• _Task to complete_
Beginning at the line that contains "Inner Beauty", repeat each line exactly through the last one of the records below, and leave out the pictures.

-*-*-

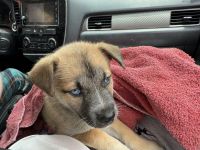 Pup needs loving home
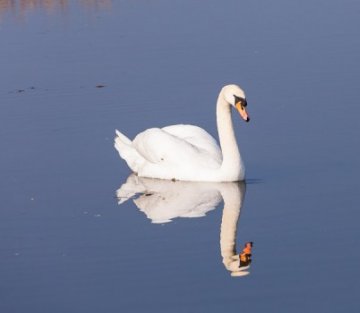 Inner Beauty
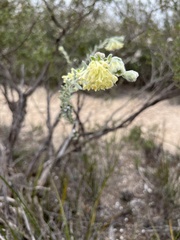 Pimelea octophylla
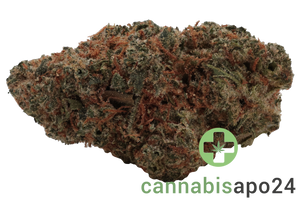 Remexian 30/1 GJY CHO Chocolate Kush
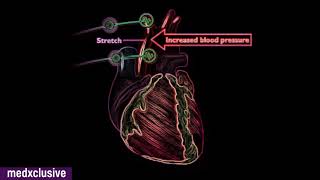 Baroreceptor amp Chemoreceptor reflex Regulation of Blood Pressure [upl. by Atsugua]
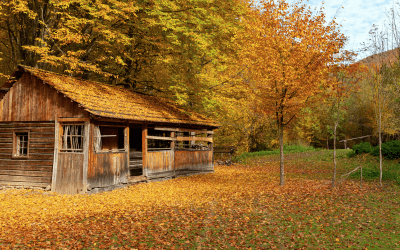 Roof Maintenance in the Fall Season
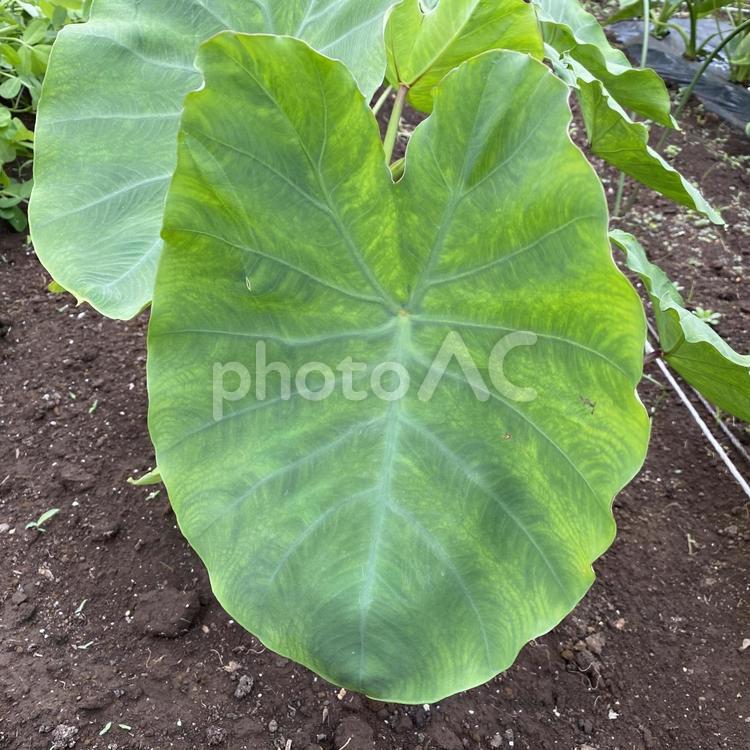 7月の家庭菜園・サトイモの葉 サトイモ科,自然,栽培の写真素材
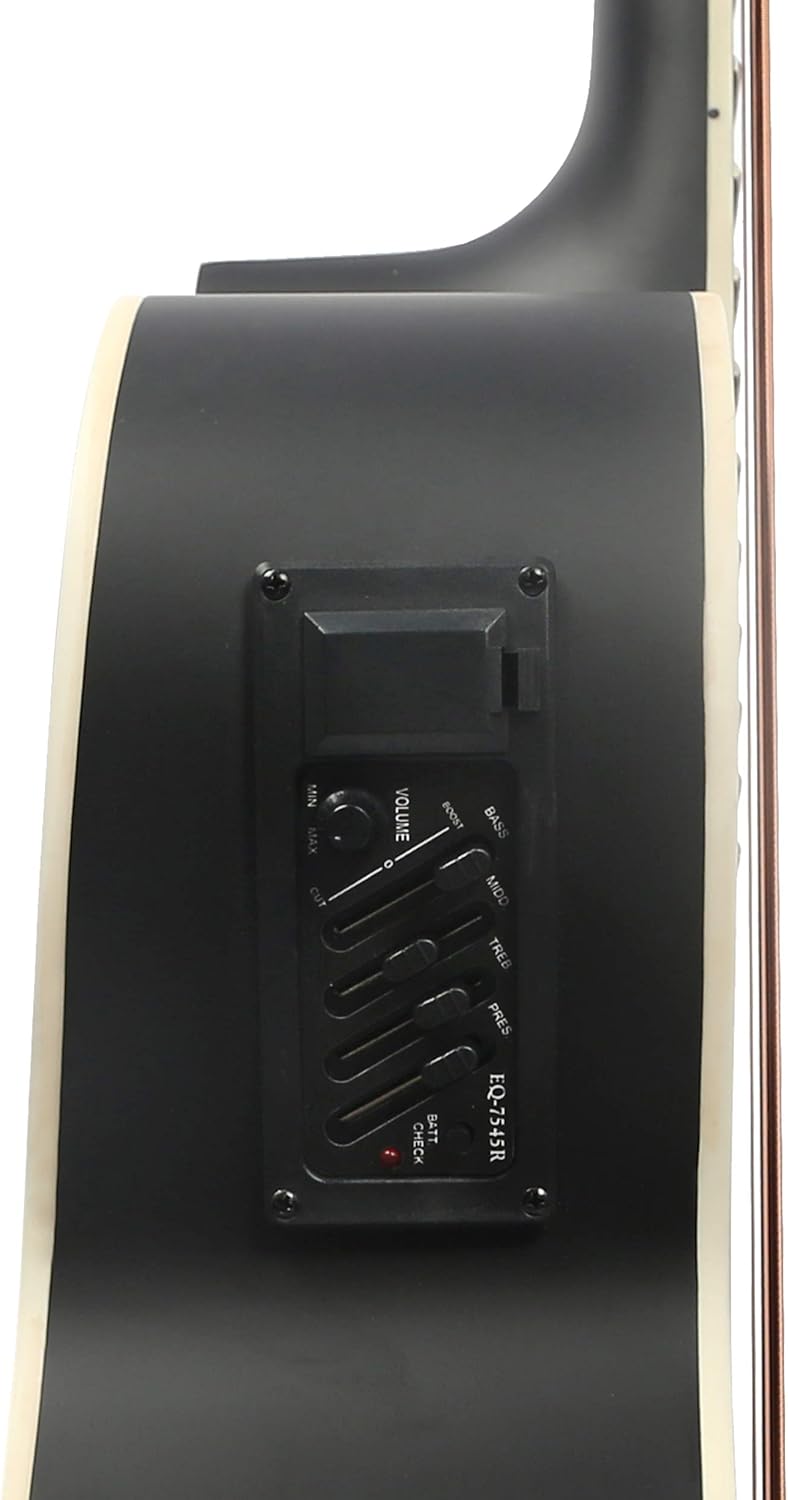 12 string Guitar 12 String Acoustic-Electric Guitar,Cutaway Guitar,Bundle with Gig Bag,Tuner,Strings,Strap, Picks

-*-*-

• _Worked solution_
 Inner Beauty
 Pimelea octophylla
 Remexian 30/1 GJY CHO Chocolate Kush
 Baroreceptor amp Chemoreceptor reflex Regulation of Blood Pressure [upl. by Atsugua]
 Roof Maintenance in the Fall Season
 7月の家庭菜園・サトイモの葉 サトイモ科,自然,栽培の写真素材
 12 string Guitar 12 String Acoustic-Electric Guitar,Cutaway Guitar,Bundle with Gig Bag,Tuner,Strings,Strap, Picks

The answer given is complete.